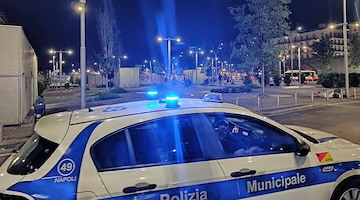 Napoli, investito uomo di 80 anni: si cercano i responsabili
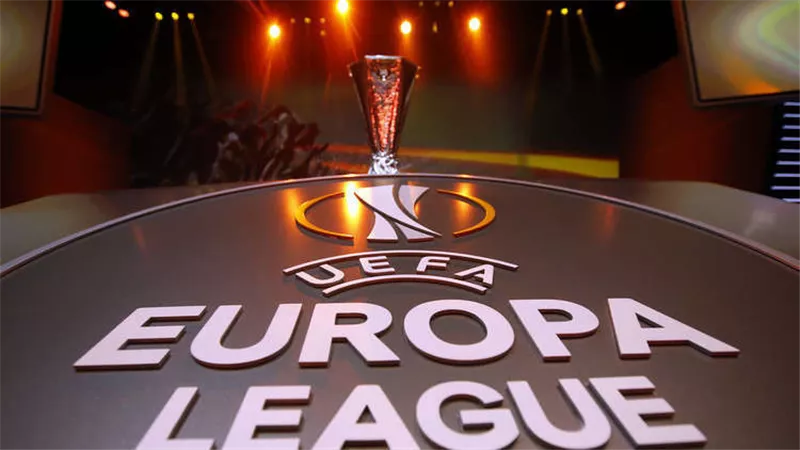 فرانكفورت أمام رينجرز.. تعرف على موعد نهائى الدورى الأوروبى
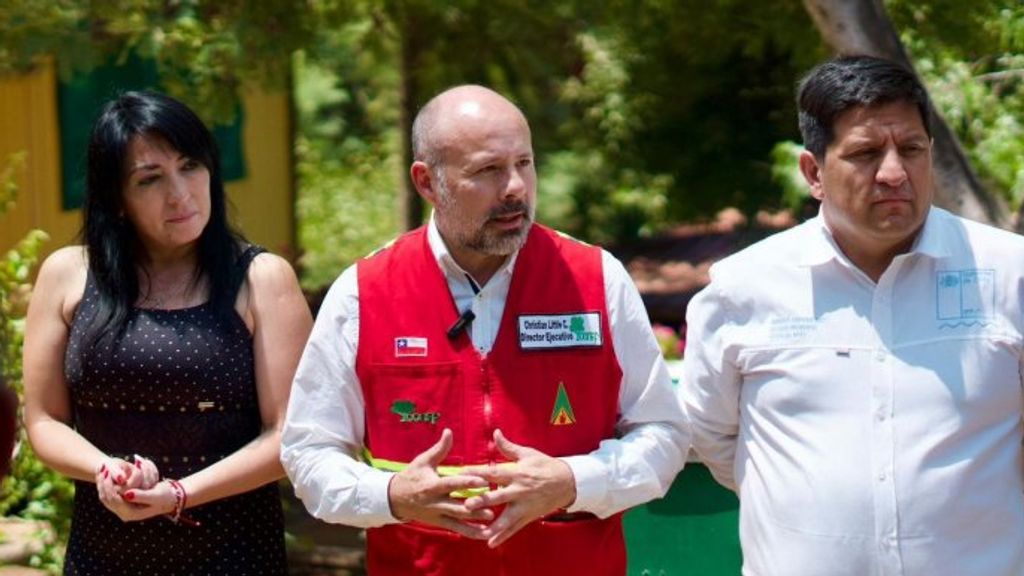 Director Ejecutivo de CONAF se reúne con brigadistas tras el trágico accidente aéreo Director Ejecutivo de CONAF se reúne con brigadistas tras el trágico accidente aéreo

- Work instructions
Exactly as they stand, write the lines from the one holding "فرانكفورت أمام رينجرز.." to the end of the material, both ends included. Do not copy the pictures.

- Completed task
 فرانكفورت أمام رينجرز.. تعرف على موعد نهائى الدورى الأوروبى
 Director Ejecutivo de CONAF se reúne con brigadistas tras el trágico accidente aéreo Director Ejecutivo de CONAF se reúne con brigadistas tras el trágico accidente aéreo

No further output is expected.